A despecho de la caída del Muro de Berlín y los acontecimientos que le siguieron en Europa y el resto del mundo, el léxico de la guerra fría domina todavía el debate, insustancial por cierto, en el ámbito latinoamericano. Parecería que lo ocurrido cuando el témpano ideológico que se derritió con la desaparición de la Unión Soviética no ha sido entendido como tampoco las transformaciones capitalistas que han hecho de China la segunda potencia económica.
Los controles constriñen la vida de los ciudadanos en países como Venezuela y Cuba y el dominio de la economía por sus gobiernos las achican provocando brutales escaseces y alzas de precio que hacen allí la vida insufrible. La experiencia china no les ha servido de nada. Cuando Deng reconoció que una teoría lanzada a mediados del siglo XIX no podía tener respuestas a los problemas de la China de finales del siglo XX, el entierro del marxismo permitió a esa gran nación de cientos de millones de habitantes dar el salto cualitativo que Mao intentó sin éxito en medio de un charco de sangre haciendo más pobre a China. Hay más millonarios hoy en el país asiático que en cualquiera del Primer Mundo, incluyendo Estados Unidos.
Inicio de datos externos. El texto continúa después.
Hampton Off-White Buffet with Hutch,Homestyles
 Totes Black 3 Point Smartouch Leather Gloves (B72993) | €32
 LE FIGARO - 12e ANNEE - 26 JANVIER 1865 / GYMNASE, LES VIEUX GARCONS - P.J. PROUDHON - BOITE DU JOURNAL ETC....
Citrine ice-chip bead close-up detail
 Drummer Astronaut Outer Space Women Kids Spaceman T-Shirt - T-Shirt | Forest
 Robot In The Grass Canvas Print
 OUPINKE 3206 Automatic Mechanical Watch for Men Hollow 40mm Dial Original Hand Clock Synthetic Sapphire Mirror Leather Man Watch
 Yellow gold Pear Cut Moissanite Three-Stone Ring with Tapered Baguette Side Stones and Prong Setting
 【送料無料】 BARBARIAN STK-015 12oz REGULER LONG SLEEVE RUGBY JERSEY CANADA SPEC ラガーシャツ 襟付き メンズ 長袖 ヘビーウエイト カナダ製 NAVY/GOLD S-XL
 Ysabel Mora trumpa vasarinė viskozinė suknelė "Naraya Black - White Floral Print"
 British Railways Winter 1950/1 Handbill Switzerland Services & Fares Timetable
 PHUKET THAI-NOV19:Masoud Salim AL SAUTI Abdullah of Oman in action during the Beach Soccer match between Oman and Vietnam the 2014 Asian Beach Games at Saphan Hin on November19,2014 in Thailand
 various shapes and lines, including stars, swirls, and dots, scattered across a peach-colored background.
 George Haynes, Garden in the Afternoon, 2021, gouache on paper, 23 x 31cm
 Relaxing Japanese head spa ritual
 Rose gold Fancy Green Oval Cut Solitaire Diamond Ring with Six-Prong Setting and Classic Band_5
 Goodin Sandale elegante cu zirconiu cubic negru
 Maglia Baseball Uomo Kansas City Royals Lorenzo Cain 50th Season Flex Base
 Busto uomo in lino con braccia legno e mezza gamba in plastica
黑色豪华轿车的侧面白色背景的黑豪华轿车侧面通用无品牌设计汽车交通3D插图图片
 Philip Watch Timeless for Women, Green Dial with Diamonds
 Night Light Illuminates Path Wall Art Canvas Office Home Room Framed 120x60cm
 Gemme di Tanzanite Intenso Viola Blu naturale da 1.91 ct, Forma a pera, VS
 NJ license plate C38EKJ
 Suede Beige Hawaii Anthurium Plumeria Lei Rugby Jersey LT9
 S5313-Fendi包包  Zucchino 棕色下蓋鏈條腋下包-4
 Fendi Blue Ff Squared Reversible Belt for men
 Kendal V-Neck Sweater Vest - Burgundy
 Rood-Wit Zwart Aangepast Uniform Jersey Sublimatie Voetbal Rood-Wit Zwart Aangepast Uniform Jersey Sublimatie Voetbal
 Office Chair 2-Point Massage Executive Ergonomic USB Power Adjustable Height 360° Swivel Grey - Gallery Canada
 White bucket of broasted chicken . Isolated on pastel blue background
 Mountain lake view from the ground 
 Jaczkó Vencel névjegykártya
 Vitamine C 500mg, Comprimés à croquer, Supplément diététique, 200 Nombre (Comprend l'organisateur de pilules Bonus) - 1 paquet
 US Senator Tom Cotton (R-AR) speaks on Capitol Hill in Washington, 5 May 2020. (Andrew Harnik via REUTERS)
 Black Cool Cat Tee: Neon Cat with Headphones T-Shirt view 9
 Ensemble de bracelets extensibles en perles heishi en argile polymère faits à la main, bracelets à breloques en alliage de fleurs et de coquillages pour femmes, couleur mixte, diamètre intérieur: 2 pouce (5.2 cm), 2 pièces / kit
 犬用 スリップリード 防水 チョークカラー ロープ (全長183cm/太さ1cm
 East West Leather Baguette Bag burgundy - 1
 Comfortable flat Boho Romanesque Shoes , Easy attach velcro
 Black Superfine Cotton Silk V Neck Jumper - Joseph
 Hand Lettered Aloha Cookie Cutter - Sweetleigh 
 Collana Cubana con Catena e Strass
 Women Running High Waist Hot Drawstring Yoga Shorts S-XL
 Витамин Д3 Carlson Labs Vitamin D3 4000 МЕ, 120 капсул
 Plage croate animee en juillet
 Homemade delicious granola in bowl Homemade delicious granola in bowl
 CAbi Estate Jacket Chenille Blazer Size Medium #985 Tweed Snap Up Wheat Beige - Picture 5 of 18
La tozudez de los tiranos cubanos les ha impedido a sus ciudadanos alcanzar un nivel de bienestar material aun después de 57 años de revolución, permitiéndosele apenas instalar un ventorrillo o un pequeño salón de belleza en hogares compartidos. La burguesía, todavía dicen, perpetúa la desigualdad, que ellos fomentan, como si se tratara de una clase. Víctor Hugo ya lo decía: “La burguesía no es más que la parte satisfecha del pueblo. El burgués es el hombre que ahora tiene tiempo de sentarse y una silla no es una casta”.
La guerra fría heló a quienes creyeron llegada la oportunidad para cambiar al hombre, consiguiendo hacerlo más pobre y triste. Es la realidad que se vive en el Tercer Mundo. La esperanza que murió con los Castro y los Chávez.